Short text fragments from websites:
##############################
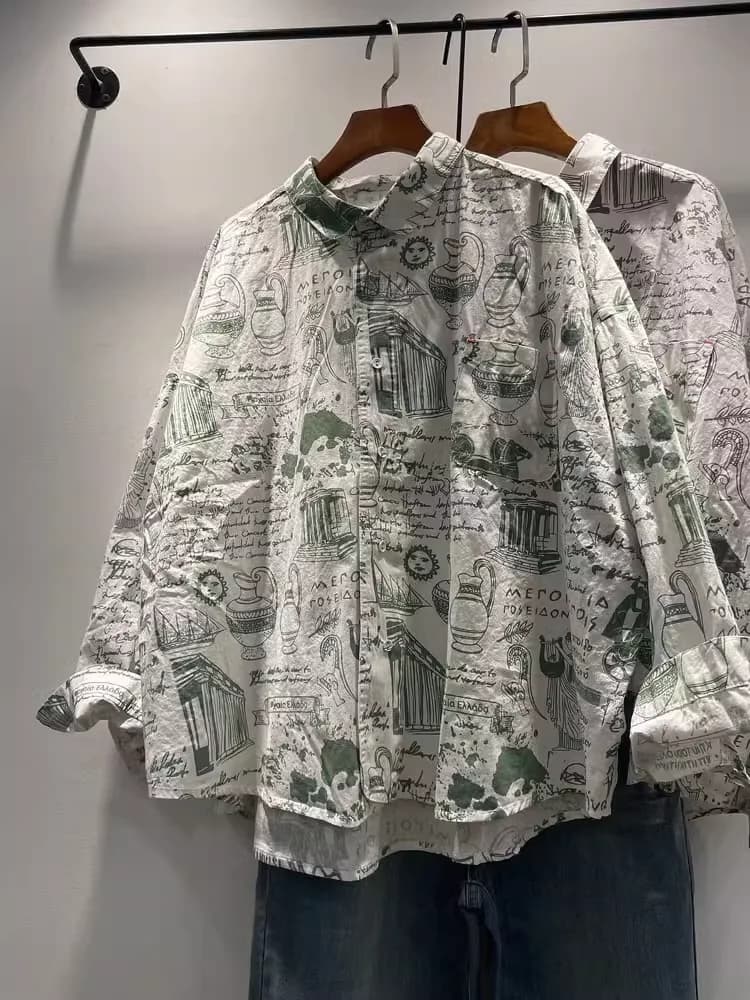 Busto 144 cm top in puro cotone di grandi dimensioni da donna autunno camicie e camicette a maniche lunghe stampate con lettere vintage in stile messicano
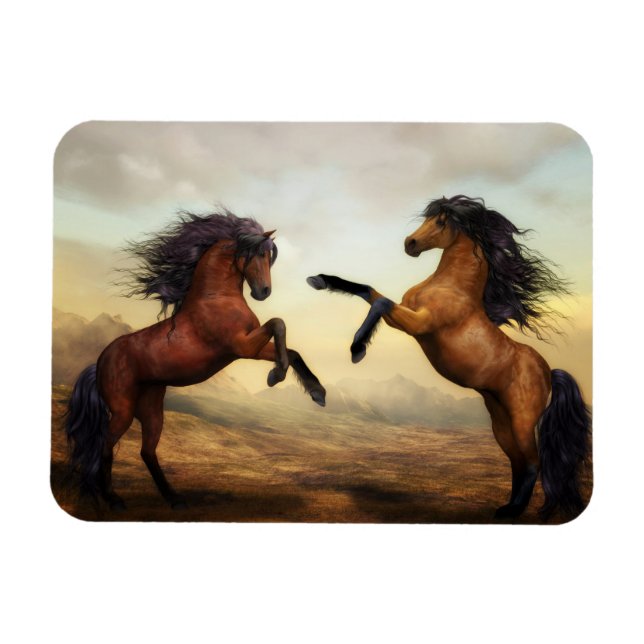 Dueling Stallions Painting Magnet (Horizontal)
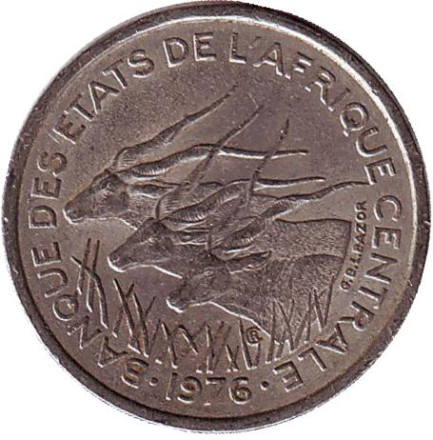Монета 50 франков. 1976 год (E - Камерун), Центральные Африканские штаты. Африканские антилопы.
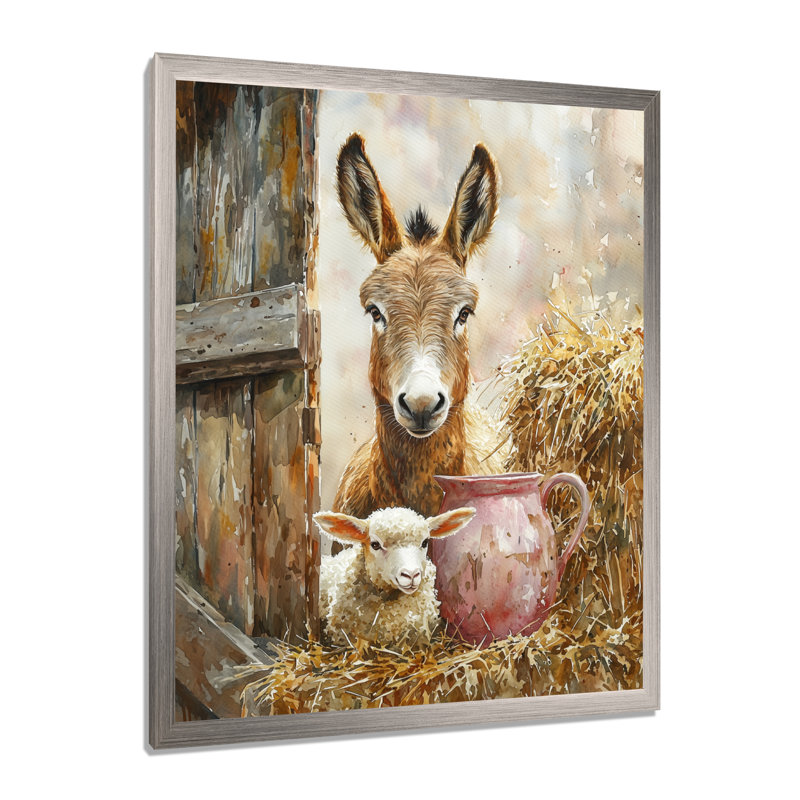 Dragomila - Animals Wall Art, 32" H x 16" W, Silver, Picture Framed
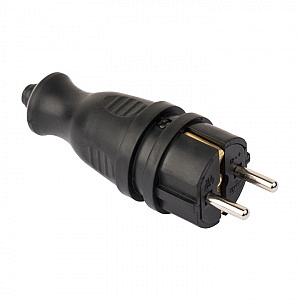 Вилка прямая каучуковая 230В 2P+PE 16A IP44 RPS-011-16-230-44-r EKF PRO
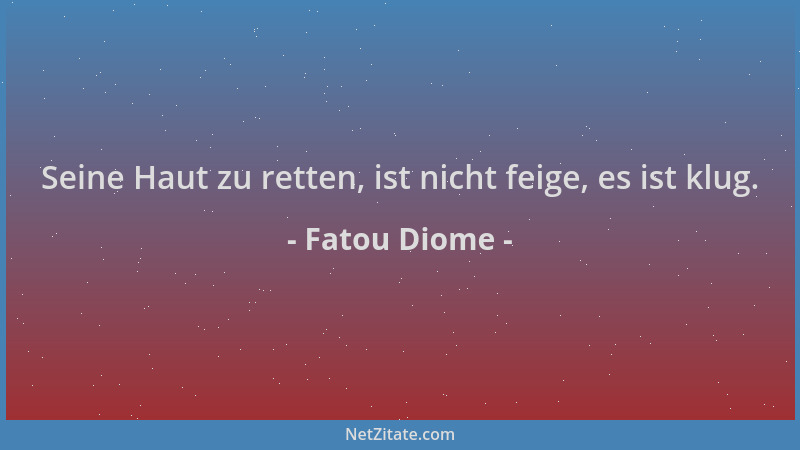 Fatou Diome - Seine Haut zu retten, ist nicht feige, es ist klug....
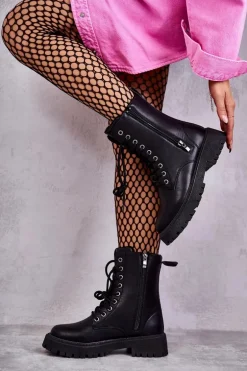 Skórzane Ocieplane Botki Workery wiązane Czarne Maria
##############################
PROBLEM:
Return only the lines from the start of the data through the line that contains "Dragomila - Animals", please, copying them exactly and omitting all pictures.

RESULT FOR THIS TASK:
 Busto 144 cm top in puro cotone di grandi dimensioni da donna autunno camicie e camicette a maniche lunghe stampate con lettere vintage in stile messicano
 Dueling Stallions Painting Magnet (Horizontal)
Монета 50 франков. 1976 год (E - Камерун), Центральные Африканские штаты. Африканские антилопы.
 Dragomila - Animals Wall Art, 32" H x 16" W, Silver, Picture Framed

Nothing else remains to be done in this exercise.